» DIRECTIONS FOR THIS TASK: I'd like the entries that follow repeated exactly, with the pictures left out.

Short text fragments from websites
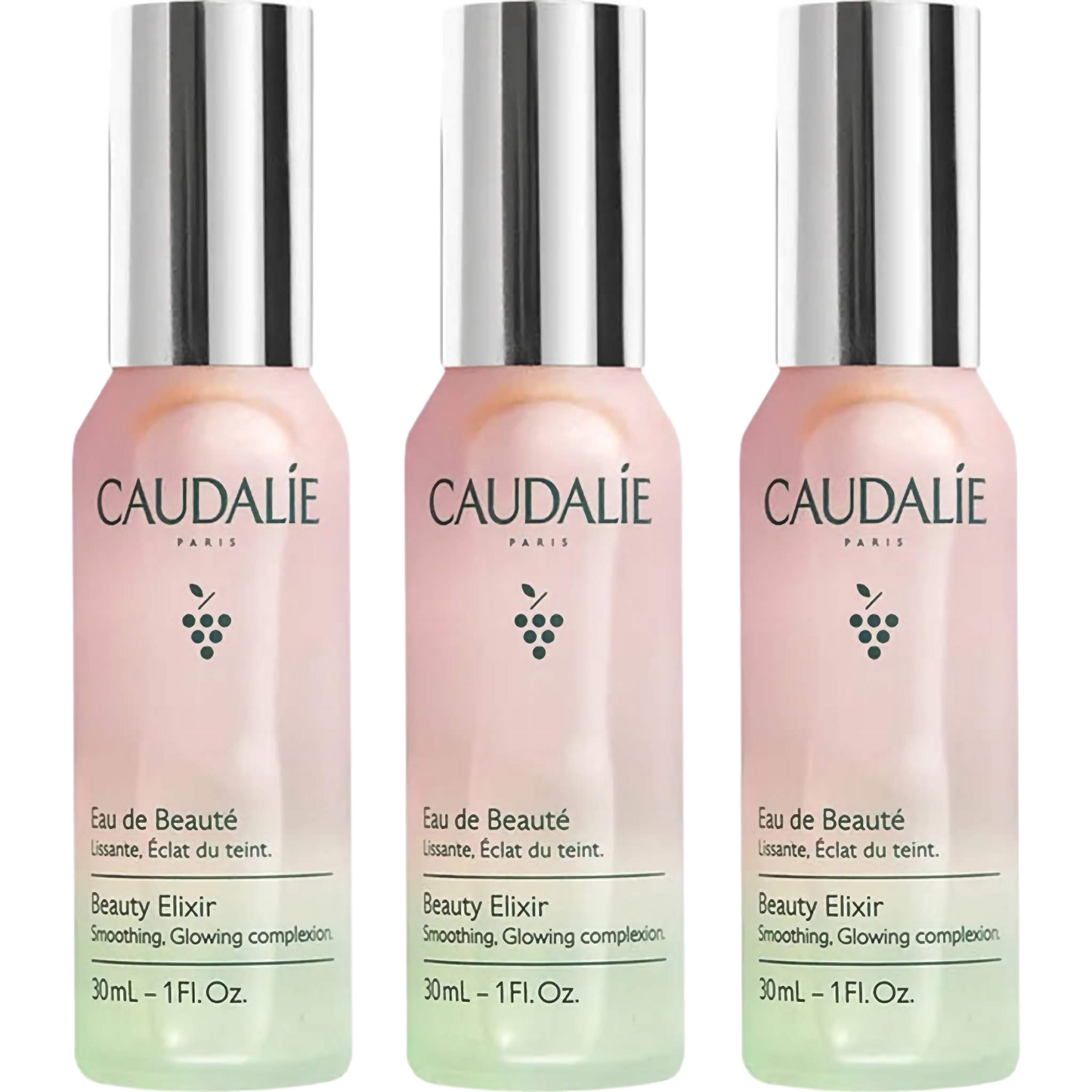 【CAUDALIE】EAU DE BEAUTE 100ml <3.38 fl oz> 3pc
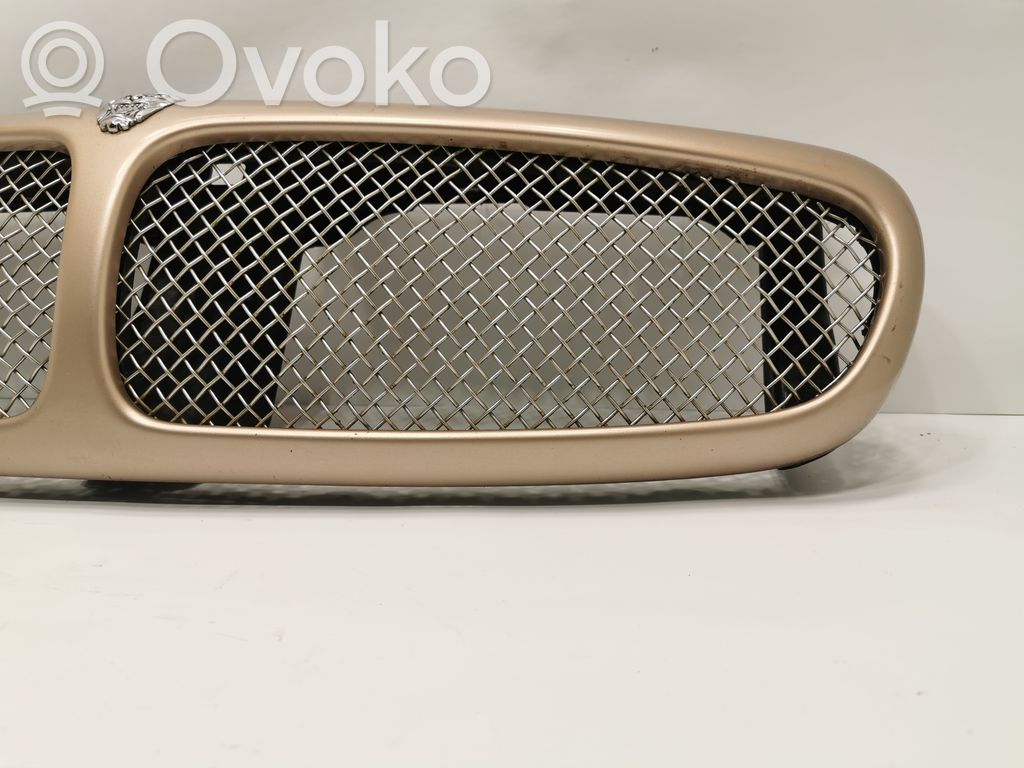 Priekšējais režģis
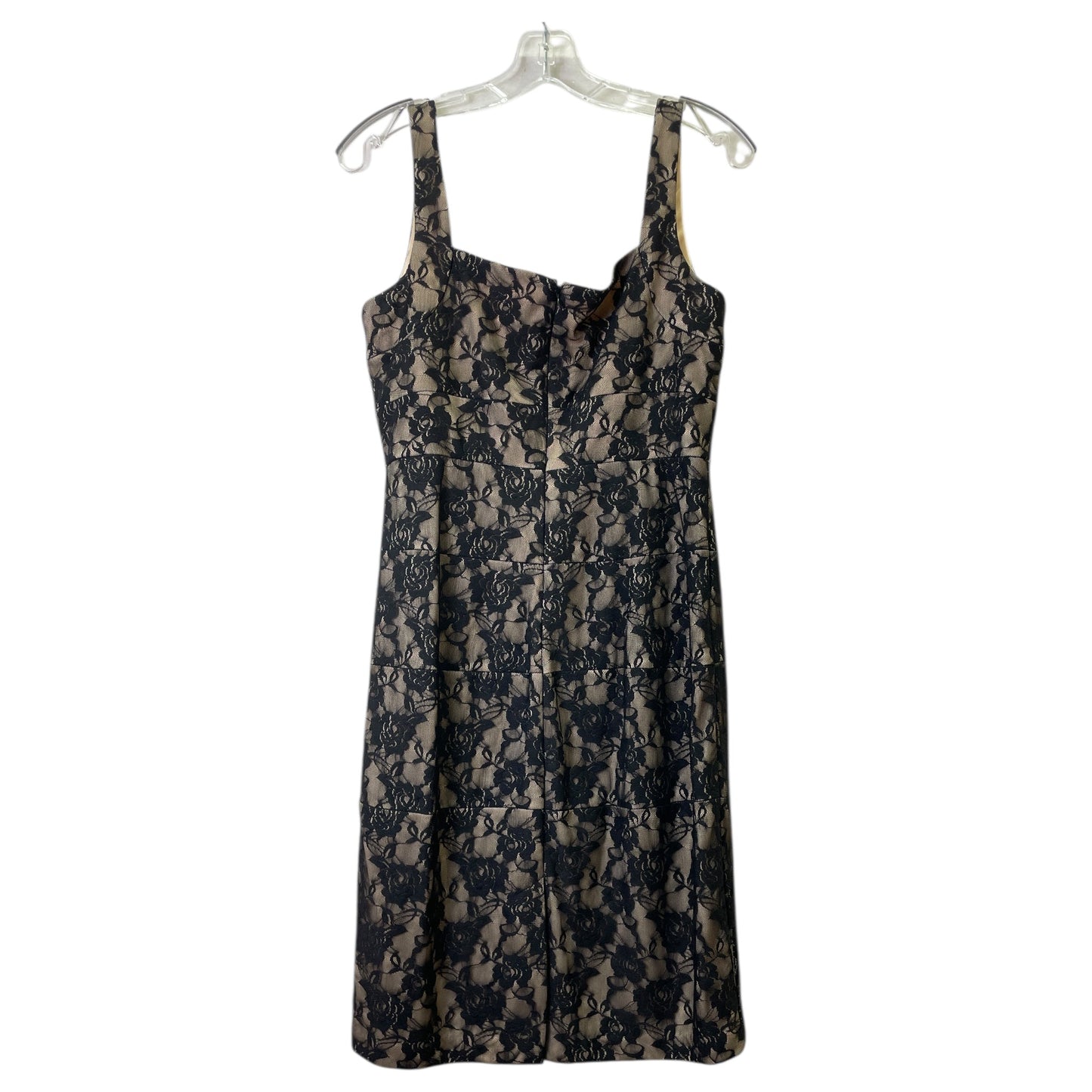 Dress Casual Short By Sangria In Black, Size:10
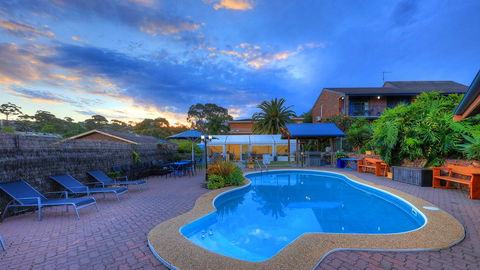 Pelican Motor Inn - Accommodation Gladstone 25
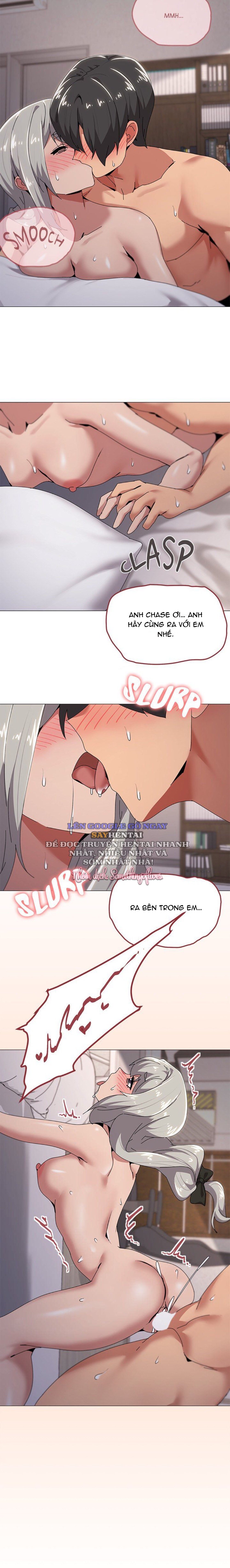 Gia Đình Có Chuyện Gì Thế Chapter 59 - Trang 2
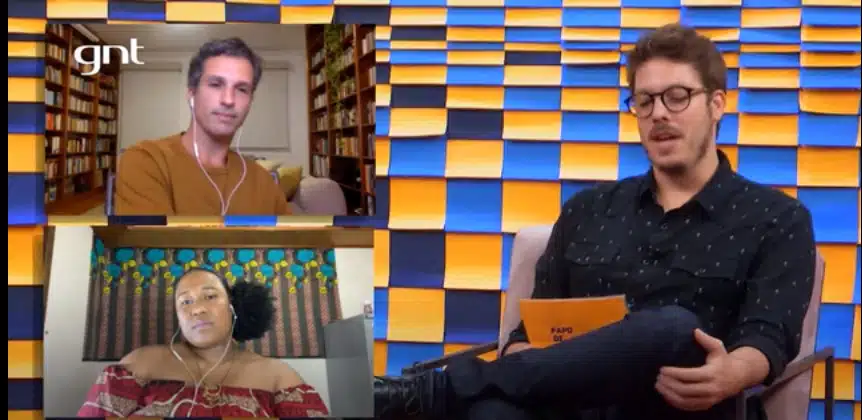 Entrevista GNT Líder Detetives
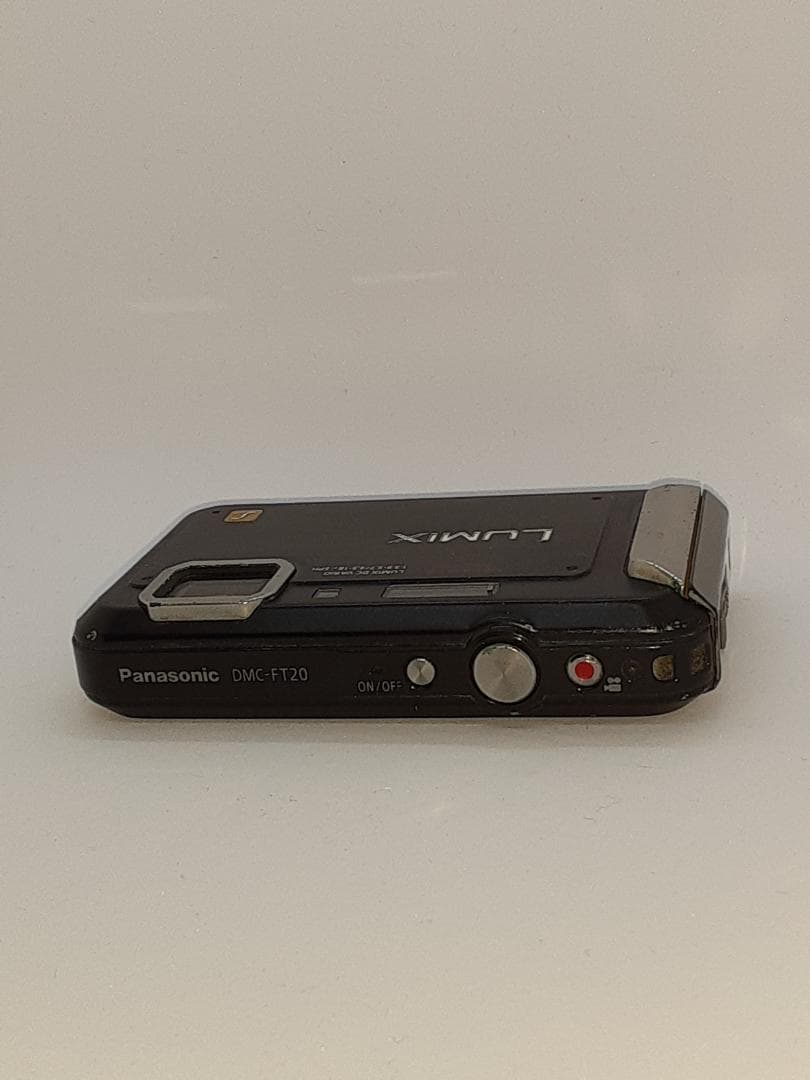 【スマホ転送OK】Panasonic LUMIX DMC-FT20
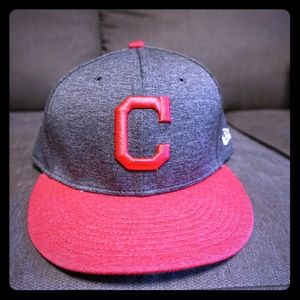 Cleveland indians women's hat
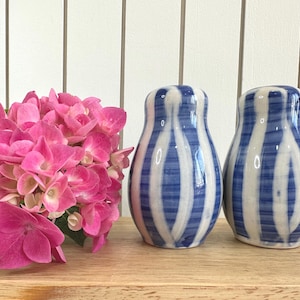 Vintage Salt and Pepper Shakers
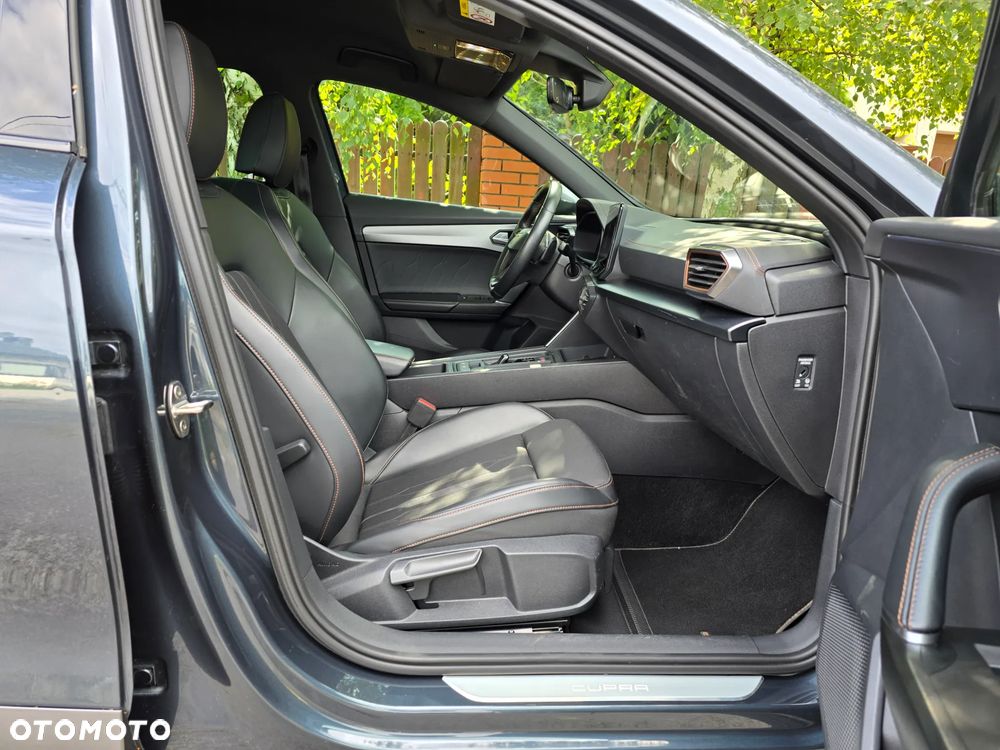 Cupra Formentor 1.5 TSI DSG - 22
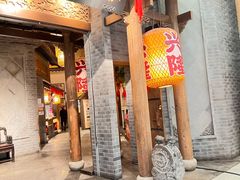 -南京大牌档(凯德大峡谷店)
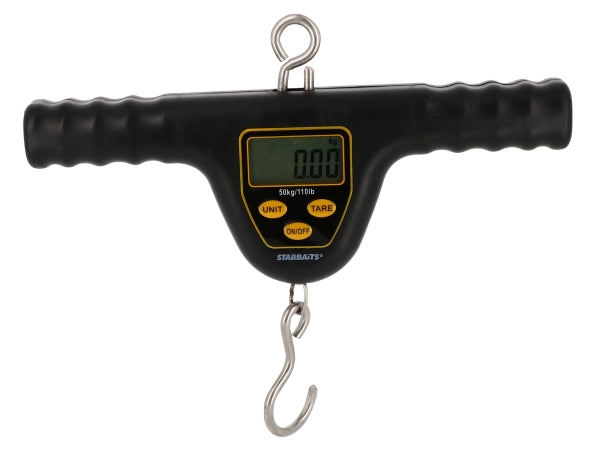 STB Digital Scale SVART / 50 KILO / 10 GRAM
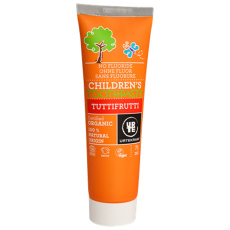 URTEKRAM Children's toothpaste Tutti frutti 75 ml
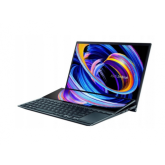 Laptop ASUS Zenbook Duo, UX482EAR-HY341X, 14.0-inch, FHD (1920 x 1080) 16:9, 16GB LPDDR4X on board, i5-1155G7, Intel(R) Evo(T) Platform, 512GB, Windows 11 Pro, 2 years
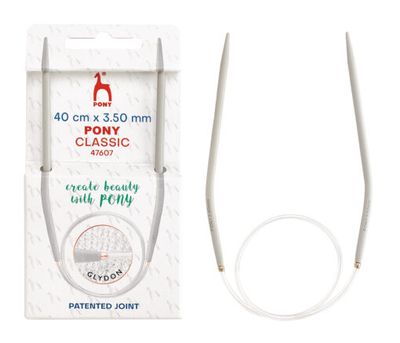 Pony Classic Rundsticka 40 cm - 3,5 mm
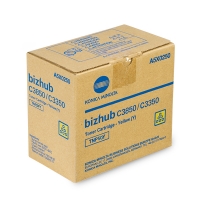 Toner MINOLTA TNP-50Y Yellow - BizHub C3100P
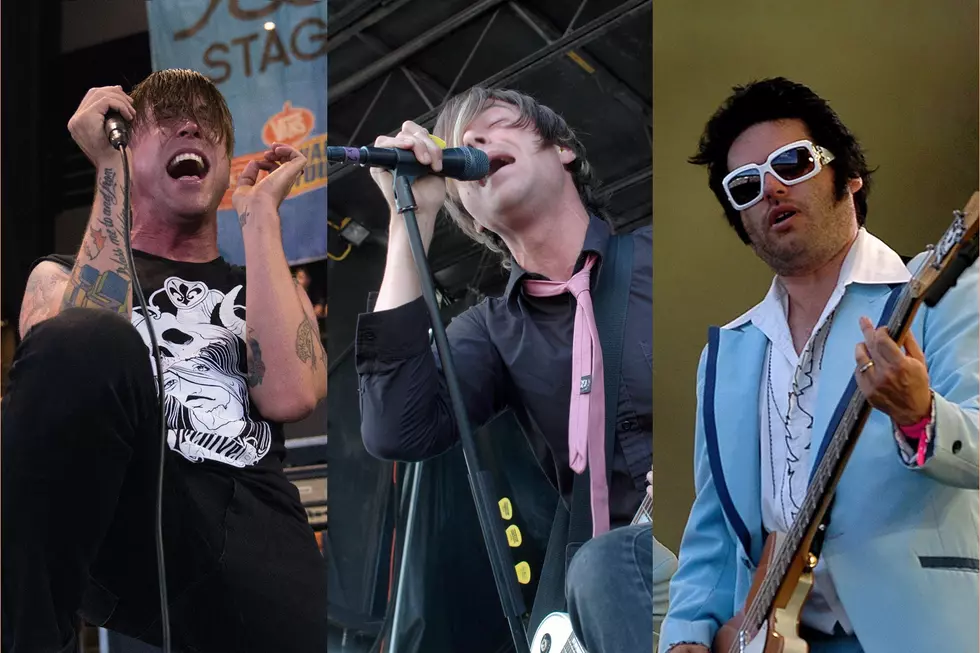 10 Most Underrated Warped Tour Bands of the 2000s, Year by Year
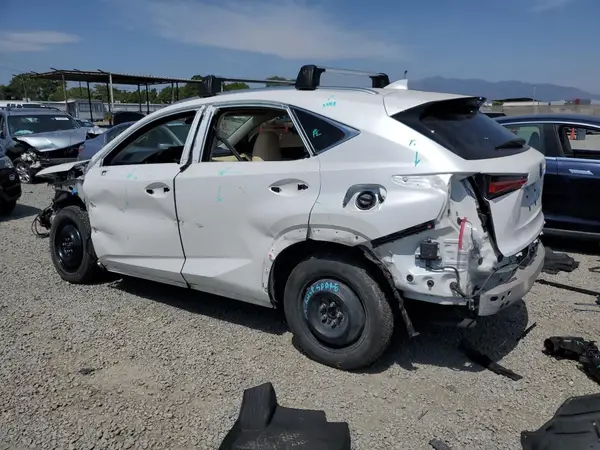 JTJDARBZ9L5012781 2020 LEXUS NX - Image 2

» ANSWER SPACE:
 【CAUDALIE】EAU DE BEAUTE 100ml <3.38 fl oz> 3pc
 Priekšējais režģis
 Dress Casual Short By Sangria In Black, Size:10
 Pelican Motor Inn - Accommodation Gladstone 25
 Gia Đình Có Chuyện Gì Thế Chapter 59 - Trang 2
 Entrevista GNT Líder Detetives
 【スマホ転送OK】Panasonic LUMIX DMC-FT20
 Cleveland indians women's hat
 Vintage Salt and Pepper Shakers
 Cupra Formentor 1.5 TSI DSG - 22
 -南京大牌档(凯德大峡谷店)
 STB Digital Scale SVART / 50 KILO / 10 GRAM
 URTEKRAM Children's toothpaste Tutti frutti 75 ml
 Laptop ASUS Zenbook Duo, UX482EAR-HY341X, 14.0-inch, FHD (1920 x 1080) 16:9, 16GB LPDDR4X on board, i5-1155G7, Intel(R) Evo(T) Platform, 512GB, Windows 11 Pro, 2 years
 Pony Classic Rundsticka 40 cm - 3,5 mm
 Toner MINOLTA TNP-50Y Yellow - BizHub C3100P
 10 Most Underrated Warped Tour Bands of the 2000s, Year by Year
 JTJDARBZ9L5012781 2020 LEXUS NX - Image 2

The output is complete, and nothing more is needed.